Task instructions:
Repeat each entry exactly, but do not carry over the pictures.

= Beginning of Section =

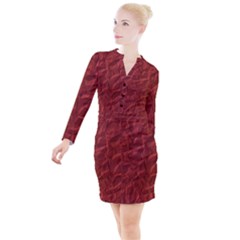 Crumpled Paper Button Long Sleeve Dress by Simbadda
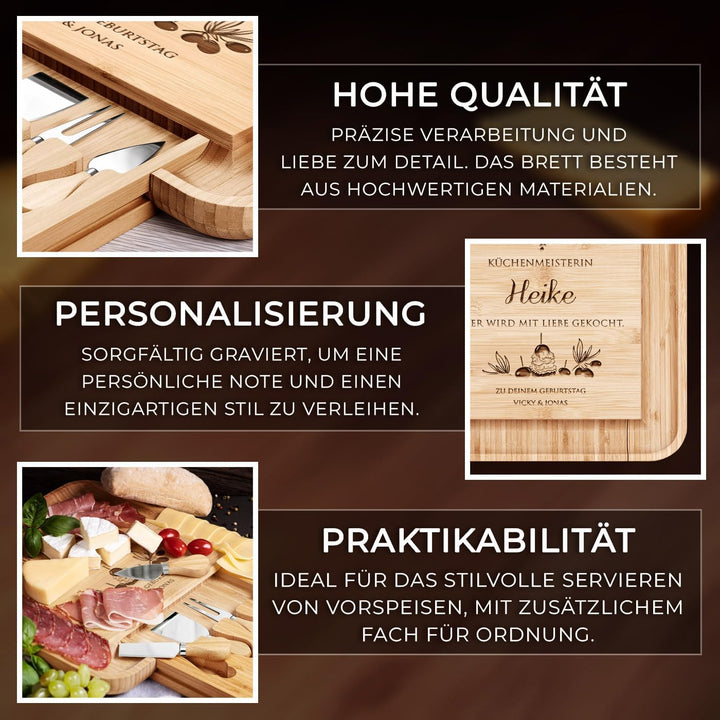Maverton Käsebrett Servierplatte mit Gravur + 4er Käsemesser Set - aus Holz - 34x34cm - Geschenke fü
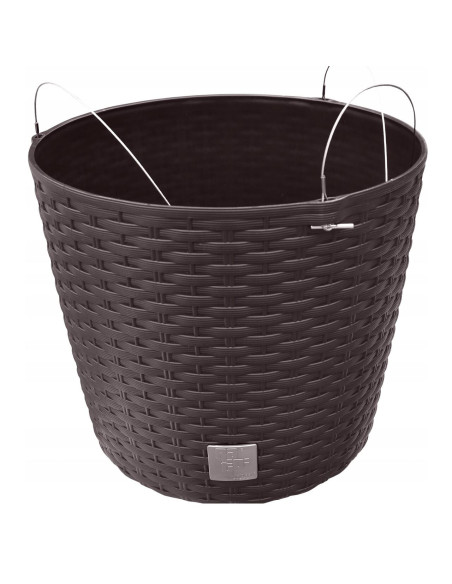 Ghiveci decorativ cu lant, Prosperplast, Rato Round, rotund, maro, 25.6x21.9 cm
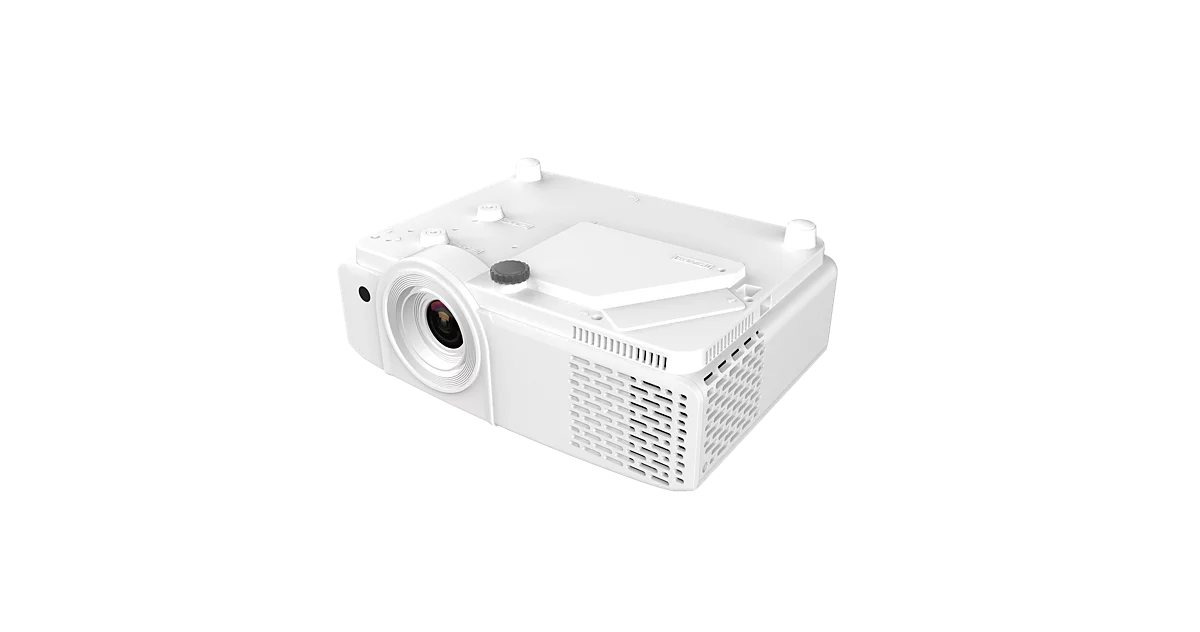 Philips Propix 850 white projector angled view showing lens and ventilation grills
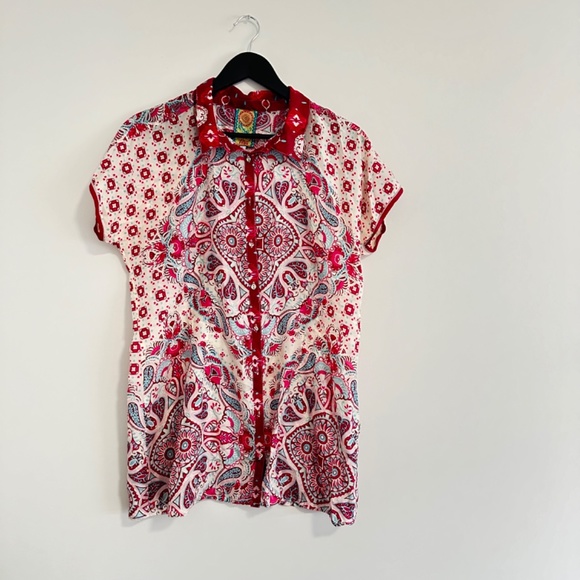 Johnny Was Boho Paisley Print Cap Sleeve Button Front Blouse Size Large - Picture 2 of 11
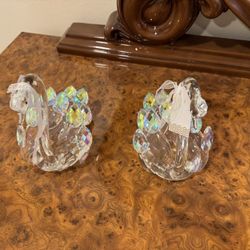 Decorative Crystal Swan Figurines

= End of Section =

Exercise solution:
 Crumpled Paper Button Long Sleeve Dress by Simbadda
Maverton Käsebrett Servierplatte mit Gravur + 4er Käsemesser Set - aus Holz - 34x34cm - Geschenke fü
 Ghiveci decorativ cu lant, Prosperplast, Rato Round, rotund, maro, 25.6x21.9 cm
 Philips Propix 850 white projector angled view showing lens and ventilation grills
 Johnny Was Boho Paisley Print Cap Sleeve Button Front Blouse Size Large - Picture 2 of 11
 Decorative Crystal Swan Figurines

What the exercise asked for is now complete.